> What the exercise asks: Transcribe the data in full; each line must match exactly.

[Data to process Boundary: Start]

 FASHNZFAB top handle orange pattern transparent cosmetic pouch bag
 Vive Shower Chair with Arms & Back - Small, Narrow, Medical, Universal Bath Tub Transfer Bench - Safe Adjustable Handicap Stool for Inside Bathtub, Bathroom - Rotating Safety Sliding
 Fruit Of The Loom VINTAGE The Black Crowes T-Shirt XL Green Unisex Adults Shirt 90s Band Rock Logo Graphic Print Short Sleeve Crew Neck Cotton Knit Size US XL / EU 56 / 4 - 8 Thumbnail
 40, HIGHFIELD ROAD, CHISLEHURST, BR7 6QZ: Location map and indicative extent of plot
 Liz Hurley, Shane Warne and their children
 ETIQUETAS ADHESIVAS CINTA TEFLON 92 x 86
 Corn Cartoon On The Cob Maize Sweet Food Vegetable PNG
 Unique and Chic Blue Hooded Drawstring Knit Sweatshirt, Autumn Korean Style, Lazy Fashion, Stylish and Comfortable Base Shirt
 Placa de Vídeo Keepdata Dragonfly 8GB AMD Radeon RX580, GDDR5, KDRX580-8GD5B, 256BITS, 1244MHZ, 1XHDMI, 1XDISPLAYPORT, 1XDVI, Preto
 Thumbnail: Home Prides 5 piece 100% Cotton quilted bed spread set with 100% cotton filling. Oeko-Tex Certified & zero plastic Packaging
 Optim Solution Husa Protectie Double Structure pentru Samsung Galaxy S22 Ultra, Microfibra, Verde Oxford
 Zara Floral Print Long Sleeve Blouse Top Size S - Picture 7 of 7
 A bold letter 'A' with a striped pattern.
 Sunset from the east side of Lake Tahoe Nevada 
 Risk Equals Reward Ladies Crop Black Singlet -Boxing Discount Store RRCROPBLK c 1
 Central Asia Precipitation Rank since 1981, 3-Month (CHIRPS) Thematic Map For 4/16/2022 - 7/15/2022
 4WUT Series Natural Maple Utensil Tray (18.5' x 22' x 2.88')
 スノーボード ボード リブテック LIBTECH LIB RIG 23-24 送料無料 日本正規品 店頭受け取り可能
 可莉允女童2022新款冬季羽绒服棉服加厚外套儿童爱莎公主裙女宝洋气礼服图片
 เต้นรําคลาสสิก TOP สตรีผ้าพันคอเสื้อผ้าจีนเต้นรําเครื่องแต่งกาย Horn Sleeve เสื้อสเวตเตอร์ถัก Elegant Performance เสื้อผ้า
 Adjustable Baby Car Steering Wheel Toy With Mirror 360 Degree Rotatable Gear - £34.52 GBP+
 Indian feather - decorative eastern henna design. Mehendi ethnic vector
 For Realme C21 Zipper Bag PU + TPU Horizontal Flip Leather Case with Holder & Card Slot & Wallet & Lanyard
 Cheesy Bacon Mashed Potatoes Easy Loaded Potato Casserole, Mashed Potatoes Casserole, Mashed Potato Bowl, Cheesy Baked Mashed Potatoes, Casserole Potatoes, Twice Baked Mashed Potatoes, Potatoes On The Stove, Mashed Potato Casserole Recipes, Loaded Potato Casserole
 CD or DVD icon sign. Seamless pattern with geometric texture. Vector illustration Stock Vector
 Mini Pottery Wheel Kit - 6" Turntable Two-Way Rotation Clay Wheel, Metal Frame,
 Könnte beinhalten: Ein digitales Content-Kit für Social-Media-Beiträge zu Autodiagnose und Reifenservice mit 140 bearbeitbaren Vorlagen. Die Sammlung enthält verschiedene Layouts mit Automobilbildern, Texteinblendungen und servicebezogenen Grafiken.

[Data to process Boundary: End]

> Response to this task:
 FASHNZFAB top handle orange pattern transparent cosmetic pouch bag
 Vive Shower Chair with Arms & Back - Small, Narrow, Medical, Universal Bath Tub Transfer Bench - Safe Adjustable Handicap Stool for Inside Bathtub, Bathroom - Rotating Safety Sliding
 Fruit Of The Loom VINTAGE The Black Crowes T-Shirt XL Green Unisex Adults Shirt 90s Band Rock Logo Graphic Print Short Sleeve Crew Neck Cotton Knit Size US XL / EU 56 / 4 - 8 Thumbnail
 40, HIGHFIELD ROAD, CHISLEHURST, BR7 6QZ: Location map and indicative extent of plot
 Liz Hurley, Shane Warne and their children
 ETIQUETAS ADHESIVAS CINTA TEFLON 92 x 86
 Corn Cartoon On The Cob Maize Sweet Food Vegetable PNG
 Unique and Chic Blue Hooded Drawstring Knit Sweatshirt, Autumn Korean Style, Lazy Fashion, Stylish and Comfortable Base Shirt
 Placa de Vídeo Keepdata Dragonfly 8GB AMD Radeon RX580, GDDR5, KDRX580-8GD5B, 256BITS, 1244MHZ, 1XHDMI, 1XDISPLAYPORT, 1XDVI, Preto
 Thumbnail: Home Prides 5 piece 100% Cotton quilted bed spread set with 100% cotton filling. Oeko-Tex Certified & zero plastic Packaging
 Optim Solution Husa Protectie Double Structure pentru Samsung Galaxy S22 Ultra, Microfibra, Verde Oxford
 Zara Floral Print Long Sleeve Blouse Top Size S - Picture 7 of 7
 A bold letter 'A' with a striped pattern.
 Sunset from the east side of Lake Tahoe Nevada 
 Risk Equals Reward Ladies Crop Black Singlet -Boxing Discount Store RRCROPBLK c 1
 Central Asia Precipitation Rank since 1981, 3-Month (CHIRPS) Thematic Map For 4/16/2022 - 7/15/2022
 4WUT Series Natural Maple Utensil Tray (18.5' x 22' x 2.88')
 スノーボード ボード リブテック LIBTECH LIB RIG 23-24 送料無料 日本正規品 店頭受け取り可能
 可莉允女童2022新款冬季羽绒服棉服加厚外套儿童爱莎公主裙女宝洋气礼服图片
 เต้นรําคลาสสิก TOP สตรีผ้าพันคอเสื้อผ้าจีนเต้นรําเครื่องแต่งกาย Horn Sleeve เสื้อสเวตเตอร์ถัก Elegant Performance เสื้อผ้า
 Adjustable Baby Car Steering Wheel Toy With Mirror 360 Degree Rotatable Gear - £34.52 GBP+
 Indian feather - decorative eastern henna design. Mehendi ethnic vector
 For Realme C21 Zipper Bag PU + TPU Horizontal Flip Leather Case with Holder & Card Slot & Wallet & Lanyard
 Cheesy Bacon Mashed Potatoes Easy Loaded Potato Casserole, Mashed Potatoes Casserole, Mashed Potato Bowl, Cheesy Baked Mashed Potatoes, Casserole Potatoes, Twice Baked Mashed Potatoes, Potatoes On The Stove, Mashed Potato Casserole Recipes, Loaded Potato Casserole
 CD or DVD icon sign. Seamless pattern with geometric texture. Vector illustration Stock Vector
 Mini Pottery Wheel Kit - 6" Turntable Two-Way Rotation Clay Wheel, Metal Frame,
 Könnte beinhalten: Ein digitales Content-Kit für Social-Media-Beiträge zu Autodiagnose und Reifenservice mit 140 bearbeitbaren Vorlagen. Die Sammlung enthält verschiedene Layouts mit Automobilbildern, Texteinblendungen und servicebezogenen Grafiken.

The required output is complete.